I see Societies and more as missing out on their full potential. I made the Societies from seperate from the uber because it was a big change, and I wanted it to be hashed out seperatly. I know it looks threadbare, incomplete, but that's because it's only a piece of the big picture.

Sorry if it sound like I'm ranting, or just plugging the uber again. But I want you to see that I'm trying to do good for societies, and I want you to help me do good, an I want you to accept a temporary lack (of no direct pools). Feel free to propose your 'robot in limbo' idea. Sounds interesting. Just try to balance it, and it would be nice if you made a rough draft in -discuss first.

>For WBE, change the rules such that entities can Recycle certain Carryable
>Objects in Warehouses, maybe requiring a machine or something; and when
>something is Recycled, the Owner gets Materials.  And define Societies,
>Players, and Gremlins (why gremlins? they don't get any now, but may in
>the
>future) to have the Property Materials.

Why the insistence on Properties, as opposed to simply possessing objects? Are you trying to establish a cashless economy? If you're going for realism, the stuff objects are made from has to be objects too, as opposed to, say, my getting a pizza from an ATM.
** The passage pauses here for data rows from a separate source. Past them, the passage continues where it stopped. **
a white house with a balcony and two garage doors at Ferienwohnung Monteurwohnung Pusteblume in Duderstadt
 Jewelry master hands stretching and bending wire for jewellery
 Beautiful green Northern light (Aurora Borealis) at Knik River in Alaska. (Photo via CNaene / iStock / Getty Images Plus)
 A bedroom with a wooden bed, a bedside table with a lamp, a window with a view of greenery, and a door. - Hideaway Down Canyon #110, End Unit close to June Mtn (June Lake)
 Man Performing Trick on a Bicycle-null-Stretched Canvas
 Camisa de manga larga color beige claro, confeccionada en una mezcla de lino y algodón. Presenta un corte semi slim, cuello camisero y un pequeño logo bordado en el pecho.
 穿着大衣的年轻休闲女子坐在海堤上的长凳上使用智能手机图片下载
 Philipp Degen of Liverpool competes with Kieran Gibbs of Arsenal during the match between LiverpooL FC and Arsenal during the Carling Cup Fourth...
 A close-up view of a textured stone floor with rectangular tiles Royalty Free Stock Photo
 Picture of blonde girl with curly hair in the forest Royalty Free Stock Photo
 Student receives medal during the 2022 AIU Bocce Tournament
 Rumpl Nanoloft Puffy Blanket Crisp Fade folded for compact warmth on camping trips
If you have large numbers of exactly identical things, it is much easier to represent them as numerical properties than as individual objects. That's the entire reason for number systems in the first place, and why we don't draw out 2 dollar bills, a quarter, a nickle, and 3 pennies for $2.33. And if things are not identical, I don't advocate numerical represntations. And I'm not for just numbered amounts of grid objects. It seemed to me like Resources was being represented as a number, like Wood, instead of individual objects, like Piles of Wood.
Hmm.  Am I getting off topic?
Oh. Properties. Well, a property can be a list of objects possessed, too. We can either have something like "bd has a Pile of Resources in eir possession", or we can have "bd has 1 Resources". If we are going to make these unidentified resources be grid objects, then yeah, lets make them piles or something, and not have the numbering. But if we aren't going to put them in the grid, we may as well just have numbers.